• Data provided:
--- --- ---
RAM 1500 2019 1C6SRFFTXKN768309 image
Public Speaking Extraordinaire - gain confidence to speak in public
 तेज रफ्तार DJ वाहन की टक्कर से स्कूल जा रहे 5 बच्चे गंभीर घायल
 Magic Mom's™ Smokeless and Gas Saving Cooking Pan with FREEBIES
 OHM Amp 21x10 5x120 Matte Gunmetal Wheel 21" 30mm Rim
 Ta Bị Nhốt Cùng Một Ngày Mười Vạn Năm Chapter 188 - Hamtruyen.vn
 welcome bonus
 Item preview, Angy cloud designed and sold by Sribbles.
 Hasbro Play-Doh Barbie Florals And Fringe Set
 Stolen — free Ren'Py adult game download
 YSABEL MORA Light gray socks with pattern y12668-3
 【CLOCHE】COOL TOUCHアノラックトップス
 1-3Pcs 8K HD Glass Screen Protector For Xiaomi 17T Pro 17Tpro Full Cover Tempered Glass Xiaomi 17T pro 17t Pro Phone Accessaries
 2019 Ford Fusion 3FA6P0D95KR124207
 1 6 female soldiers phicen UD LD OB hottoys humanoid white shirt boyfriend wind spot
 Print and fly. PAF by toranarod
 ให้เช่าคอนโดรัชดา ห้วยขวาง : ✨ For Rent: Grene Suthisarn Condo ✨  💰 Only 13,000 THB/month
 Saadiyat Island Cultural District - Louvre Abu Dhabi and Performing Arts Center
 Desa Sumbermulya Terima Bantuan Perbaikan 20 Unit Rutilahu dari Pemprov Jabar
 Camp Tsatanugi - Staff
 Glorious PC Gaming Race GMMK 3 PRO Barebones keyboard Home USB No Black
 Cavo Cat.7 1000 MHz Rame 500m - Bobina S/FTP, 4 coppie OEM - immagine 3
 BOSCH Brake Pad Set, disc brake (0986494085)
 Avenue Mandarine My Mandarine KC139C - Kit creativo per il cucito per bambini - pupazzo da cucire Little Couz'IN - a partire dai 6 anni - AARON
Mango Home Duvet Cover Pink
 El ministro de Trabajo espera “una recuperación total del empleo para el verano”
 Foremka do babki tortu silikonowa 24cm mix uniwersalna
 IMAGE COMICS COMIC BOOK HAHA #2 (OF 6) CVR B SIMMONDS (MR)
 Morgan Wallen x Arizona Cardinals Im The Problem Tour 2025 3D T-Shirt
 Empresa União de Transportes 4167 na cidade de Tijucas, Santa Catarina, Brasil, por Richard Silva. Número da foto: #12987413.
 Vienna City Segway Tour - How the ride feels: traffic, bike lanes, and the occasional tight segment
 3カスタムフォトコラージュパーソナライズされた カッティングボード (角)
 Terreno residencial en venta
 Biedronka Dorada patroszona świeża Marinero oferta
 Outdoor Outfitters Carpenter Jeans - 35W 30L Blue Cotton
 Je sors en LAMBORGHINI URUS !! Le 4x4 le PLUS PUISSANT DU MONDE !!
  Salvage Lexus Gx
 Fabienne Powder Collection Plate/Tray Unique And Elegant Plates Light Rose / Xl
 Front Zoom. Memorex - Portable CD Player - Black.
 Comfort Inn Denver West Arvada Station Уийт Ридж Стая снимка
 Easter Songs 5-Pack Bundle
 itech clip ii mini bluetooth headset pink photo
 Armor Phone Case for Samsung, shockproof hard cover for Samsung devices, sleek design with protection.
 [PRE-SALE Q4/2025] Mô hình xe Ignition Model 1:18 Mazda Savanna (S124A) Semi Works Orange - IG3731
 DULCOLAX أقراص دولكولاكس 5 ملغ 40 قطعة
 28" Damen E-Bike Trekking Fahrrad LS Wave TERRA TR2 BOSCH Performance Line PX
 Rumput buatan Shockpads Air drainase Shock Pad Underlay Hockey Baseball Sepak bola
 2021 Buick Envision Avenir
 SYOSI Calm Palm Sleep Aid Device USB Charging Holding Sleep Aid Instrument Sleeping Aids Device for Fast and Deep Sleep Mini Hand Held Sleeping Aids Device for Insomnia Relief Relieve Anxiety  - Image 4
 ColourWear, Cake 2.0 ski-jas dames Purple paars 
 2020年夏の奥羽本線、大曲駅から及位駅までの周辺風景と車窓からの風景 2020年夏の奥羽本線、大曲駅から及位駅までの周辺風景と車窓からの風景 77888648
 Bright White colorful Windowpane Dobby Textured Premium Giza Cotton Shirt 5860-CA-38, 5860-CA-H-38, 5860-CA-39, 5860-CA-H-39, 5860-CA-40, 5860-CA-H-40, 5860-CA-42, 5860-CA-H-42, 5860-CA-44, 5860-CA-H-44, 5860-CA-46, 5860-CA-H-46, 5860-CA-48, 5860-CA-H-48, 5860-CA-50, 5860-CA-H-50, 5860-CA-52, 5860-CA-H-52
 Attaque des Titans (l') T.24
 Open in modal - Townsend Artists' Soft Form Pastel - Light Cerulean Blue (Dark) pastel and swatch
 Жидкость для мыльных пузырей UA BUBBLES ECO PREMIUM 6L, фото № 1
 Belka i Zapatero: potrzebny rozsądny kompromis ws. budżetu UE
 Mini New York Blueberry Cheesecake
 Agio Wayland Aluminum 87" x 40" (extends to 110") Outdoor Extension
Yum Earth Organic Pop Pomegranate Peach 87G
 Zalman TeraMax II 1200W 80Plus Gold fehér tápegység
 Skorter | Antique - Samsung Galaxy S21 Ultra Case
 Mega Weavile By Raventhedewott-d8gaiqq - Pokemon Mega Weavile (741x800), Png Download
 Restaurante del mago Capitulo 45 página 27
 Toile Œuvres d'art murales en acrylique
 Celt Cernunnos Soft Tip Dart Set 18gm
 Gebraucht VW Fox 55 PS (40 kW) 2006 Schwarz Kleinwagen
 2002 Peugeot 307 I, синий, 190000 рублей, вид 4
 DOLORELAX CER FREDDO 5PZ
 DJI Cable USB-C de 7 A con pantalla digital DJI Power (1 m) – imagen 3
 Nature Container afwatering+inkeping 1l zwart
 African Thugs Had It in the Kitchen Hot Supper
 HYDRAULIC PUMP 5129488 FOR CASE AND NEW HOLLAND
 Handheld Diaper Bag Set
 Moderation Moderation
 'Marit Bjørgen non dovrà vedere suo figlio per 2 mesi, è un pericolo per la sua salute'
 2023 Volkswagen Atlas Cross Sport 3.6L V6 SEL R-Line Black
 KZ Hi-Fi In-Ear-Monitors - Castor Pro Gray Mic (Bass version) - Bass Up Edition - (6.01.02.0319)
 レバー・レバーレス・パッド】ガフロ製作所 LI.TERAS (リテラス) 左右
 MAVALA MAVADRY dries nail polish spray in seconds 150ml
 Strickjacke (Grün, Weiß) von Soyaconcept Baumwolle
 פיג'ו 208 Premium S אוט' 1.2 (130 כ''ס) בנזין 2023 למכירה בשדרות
--- --- ---
• Brief:
Beginning at the line above with "Yum Earth Organic Pop Pomegranate Peach 87G" and finishing at the line with "DOLORELAX CER FREDDO 5PZ", return each line exactly and return nothing else.

• Exercise solution:
Yum Earth Organic Pop Pomegranate Peach 87G
 Zalman TeraMax II 1200W 80Plus Gold fehér tápegység
 Skorter | Antique - Samsung Galaxy S21 Ultra Case
 Mega Weavile By Raventhedewott-d8gaiqq - Pokemon Mega Weavile (741x800), Png Download
 Restaurante del mago Capitulo 45 página 27
 Toile Œuvres d'art murales en acrylique
 Celt Cernunnos Soft Tip Dart Set 18gm
 Gebraucht VW Fox 55 PS (40 kW) 2006 Schwarz Kleinwagen
 2002 Peugeot 307 I, синий, 190000 рублей, вид 4
 DOLORELAX CER FREDDO 5PZ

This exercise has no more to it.